Une anecdote à nous raconter ?

Ce n’est pas vraiment une anecdote mais quand j’ai su que Ronan Bouroullec était un passionné de surf, ça m’a réconforté dans ma façon de voir les choses. C’est rassurant de savoir que des gens ont réussi à concilier les deux, leur travail artistique et leur passion pour l’océan et que ces deux passions sont intimement mêlée.
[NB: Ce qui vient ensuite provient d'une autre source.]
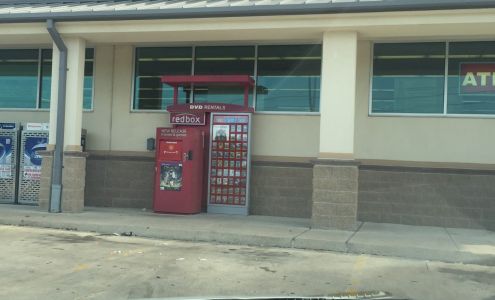 Redbox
Un métier que tu aurais aimé faire ?

Gamin, j’ai toujours aimé bricoler. En vivant près de l’eau, en Bretagne, tu as toujours des trucs à réparer. J’ai toujours aimé utiliser mes mains. Très tôt, j’ai fait de la peinture, de la sculpture, mes propres rampes de skateboard. Et je peignais beaucoup jusqu’à 18 ans. Une fois arrivé au baccalauréat, je me suis posé cette fameuse question de « qu’est-ce que je vais faire de ma vie ? » ; j’étais pris aux beaux-arts de Rennes et aussi à Olivier de Serres, l’école supérieur des arts appliqués et des métiers d’arts à Paris. J’avais vraiment cette envie de me barrer à Paris parce que j’aimais la ville et ses expositions. Je me suis dit “Fais une école d’arts appliqués, tu vas apprendre plein de choses et la peinture, tu pourras toujours faire ça en loisir”. Parfois quand j’en ai marre du studio à cause des mauvais côtés de l’auto-entrepreneuriat, je me dis toujours que s’il y a un problème, un jour, je m’achèterais un atelier en Bretagne au bord de l’eau pour y faire des croûtes (rires).

Un artiste coup de cœur à nous faire découvrir ?

Il n’est pas totalement nouveau, mais King Krule me vient à l’esprit. J’ai écouté son album il y a trois ans et je suis depuis fan de cet artiste. J’aime les artistes qui arrivent à placer le curseur et à trouver l’équilibre parfait entre différents styles. Lui, c’est entre New Wave, Hip-Hop et Jazz. C’est juste sublime. Ce que j’aime bien aussi, c’est qu’il est protéiforme : il fait de la musique, il est aussi Dj sous un autre nom, il monte un projet artistique avec son frère sous forme de film, de livre et de collages. Il touche un peu à tout et quand il touche, il vise juste. J’écoute beaucoup sa musique, je la trouve très immersive.

Une passion particulière ?

Je suis pas mal pris par mon studio et le surf, j’évite de me plonger dans d’autres passions. Après, j’aime bien la boxe anglaise, c’est plus praticable que le surf sur Paris, ça me permet de tenir.

Quelle personnalité nous recommandes-tu de rencontrer pour 10point15 ?

Antoine Boudin. Il se définit comme un designer “trimardeur” – qui vient du mot « trimer » – c’étaient des gens qui se déplaçaient de village en village pour proposer leurs services. Je l’ai rencontré pour West is the Best, car il a une approche très maritime du design. Il fait avec les moyens du bord et avec les matériaux qu’il a autour de lui. Il a beaucoup travaillé par exemple la canne de Provence et l’agave. Il a réalisé plusieurs objets flottant avec la canne de Provence pour montrer ses capacités structurelles et esthétiques. Ce que j’aime chez lui, c’est qu’il a réussi à dire non à l’attraction parisienne. Il travaille à Hyères et produit un travail à la fois juste et passionnant au bord de l’eau.